# iPhone, Android or Windows phone?



## Aiura (Jul 3, 2015)

Pick the phone you have, and type your MBTI type down below. 

(If you happen to have something else you can simply just type it in a post)


----------



## Fire Away (Nov 29, 2013)

ISFP: Android

Feels like I have more control.


----------



## UraniaIsis (Nov 26, 2014)

INFJ: Tracfone

It's all I can afford for now. But, if I could afford a different phone: iPhone. More card readers seem to support it.


----------



## Kingdom Crusader (Jan 4, 2012)

INTP: Android


----------



## Capellia (Jun 4, 2015)

INTJ: iPhone - it's easy to use. I didn't want a smart-phone at all though, but I've grown to like it.


----------



## tanstaafl28 (Sep 10, 2012)

Samsung Galaxy Note 4 (Android). It's flexible, upgradable, and has better support, than Apple or Windows phones. 

ENTP


----------



## JTHearts (Aug 6, 2013)

Android, ESFJ


----------



## Codas (Dec 6, 2014)

Android - ENFP. (My husband also has an Android - INTP.) 

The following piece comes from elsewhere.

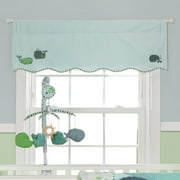 MiGi - Little Whales Window Valance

I agree with the sentiment of more control. I can copy/move/delete files I want instantly. In my experience, these devices last longer and I appreciate the open source fixes. (Also, the Apple products I've had experience with appear to have built-in obsolescence. That sort of thing is SO sleazy to me!)


----------



## TheCosmicHeart (Jun 24, 2015)

Windows phone intp


----------



## CuriousMan (Jun 28, 2015)

Android INTP


----------



## sicksadworlds (May 4, 2015)

Android, ISFP.


----------



## nO_d3N1AL (Apr 25, 2014)

I'm a fan of Microsoft products and love Windows Phone too. It's so much easier to navigate and less cluttered than Android, also less demanding. Yet, it has so much more customisability and personalisation options than both Android and iPhone. Everything is automated and integrated. I've run into a few minor glitches but on the whole it's by far the best; unless you care about apps. That said, standard features on Windows Phone are far superior to Android and iOS - especially cloud storage and Cortana.


----------



## Aiura (Jul 3, 2015)

Me personally have a Nexus 5 (Android) and am super happy about it (so if you are looking for a new phone I can gladly recommend it ). And I'm INTJ.


----------



## stiletto (Oct 26, 2013)

ENTJ - Android is superior.

My INFP sib would choose Windows.


----------



## Ausserirdische (May 2, 2015)

INTP

I have an iPod that I barely use, does that count?


----------



## Trinidad (Apr 16, 2010)

Android, ISTJ.

I hate Apple and love customization so it's an easy choice. Windows phones are too niche, no apps etc. To me they're barely worth mentioning.


----------



## Grandmaster Yoda (Jan 18, 2014)

INTP: iPhone 
I think Galaxy S4 I had wasn't actually buggy or error prone, rather it was poorly designed and failed to give a remotely fluid experience. That's reason enough not to buy another android phone.


----------



## fuliajulia (Jun 29, 2013)

INFJ; iPhone


----------



## Apple Pine (Nov 27, 2014)

ENTJ

One plus one.

Keep buying iPhones, believe over reactive opinions on invisible android lag.
Waste of money for a nice logo


----------



## Hei (Jul 8, 2014)

INTJ Android


----------



## CupcakesRDaBestBruv (Aug 6, 2013)

iPhoney, ENFJ


----------



## .17485 (Jan 12, 2011)

I have an Android Phone. I'm an ISFP


----------



## outofplace (Dec 19, 2012)

ISTJ - Android. I had a windows phone, once. Hated it.


----------



## Alpha_Orionis (Jan 18, 2015)

INTJ Windows Phone
It has the most stable OS, the quality of the phone's components is impeccable. The usage of RAM is maximazed. It can be customized fairly well, although not as well as Android. Despite popular opinion, it has a good app base. There are much less bugs in the apps. It provides much more RAM and processor power than iPhones, and it much faster than Android.
It downside is lack of some useful features in the OS than both iPhones and Andoids have.


----------



## Schrause (Jul 6, 2015)

ISFJ: Android


----------



## Jagdpanther (May 16, 2015)

iPhone, ISTP


----------



## badwolf (Jun 17, 2012)

INTJ - LG flip phone


----------



## Fire Away (Nov 29, 2013)

Joyo said:


> Me personally have a Nexus 5 (Android) and am super happy about it (so if you are looking for a new phone I can gladly recommend it ). And I'm INTJ.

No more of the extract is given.